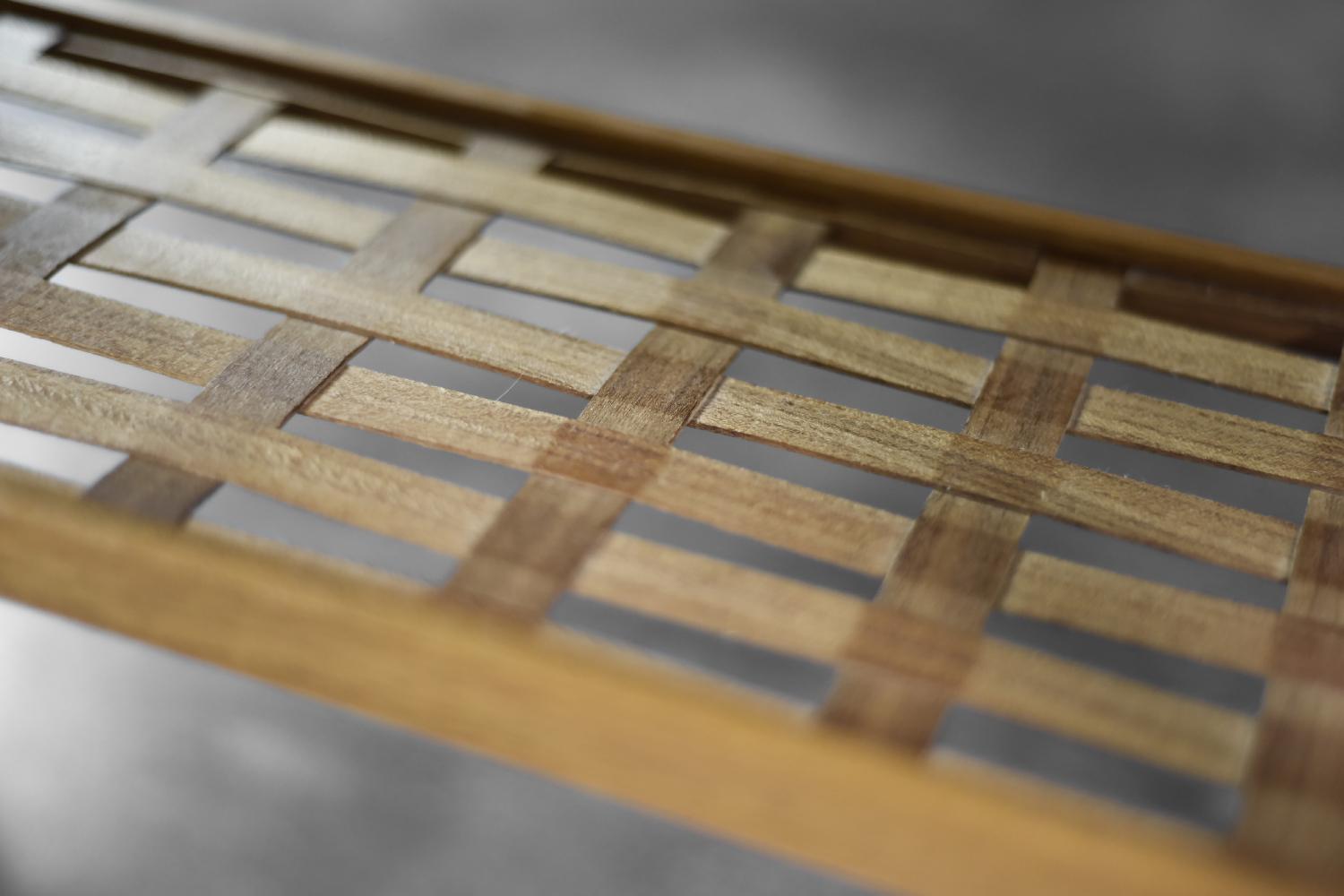 Milieu du XXe siècle Table basse scandinave moderne du milieu du siècle dernier en merisier avec étagère tissée en vente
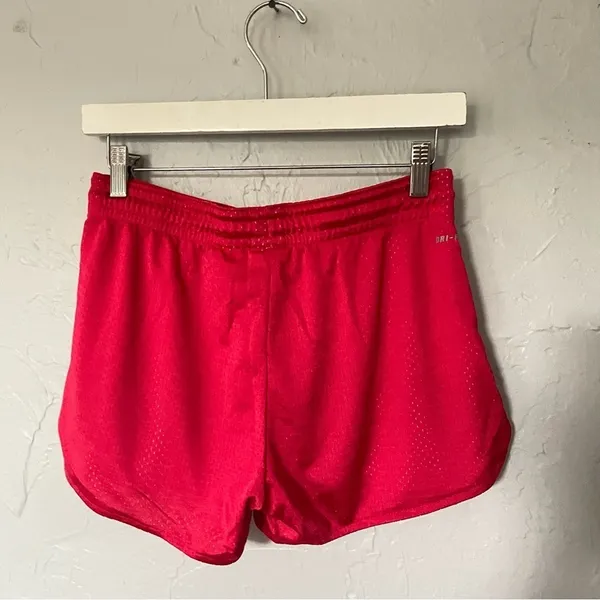 Nike Women's Vibrant Red Athletic Shorts Elastic‎ Waist Pull On sz small Soccer - Image 2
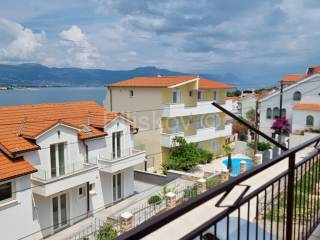 Stan u kući, Prodaja, Trogir - Okolica, Žedno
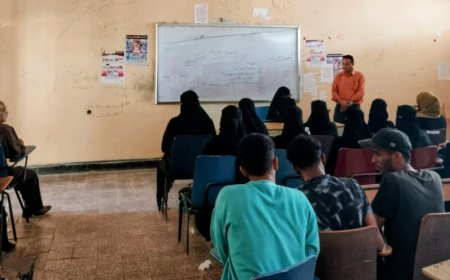 جمعية رعاية وتأهيل الصم ـ عدن تنظم دورة لتعليم لغة الإشارة في كلية الآداب بجامعة عدن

* * * * * * * * *

About this task: An exact copy of the listing is needed, minus its pictures.

Reply to the exercise:
 Milieu du XXe siècle Table basse scandinave moderne du milieu du siècle dernier en merisier avec étagère tissée en vente
 Nike Women's Vibrant Red Athletic Shorts Elastic‎ Waist Pull On sz small Soccer - Image 2
 Stan u kući, Prodaja, Trogir - Okolica, Žedno
 جمعية رعاية وتأهيل الصم ـ عدن تنظم دورة لتعليم لغة الإشارة في كلية الآداب بجامعة عدن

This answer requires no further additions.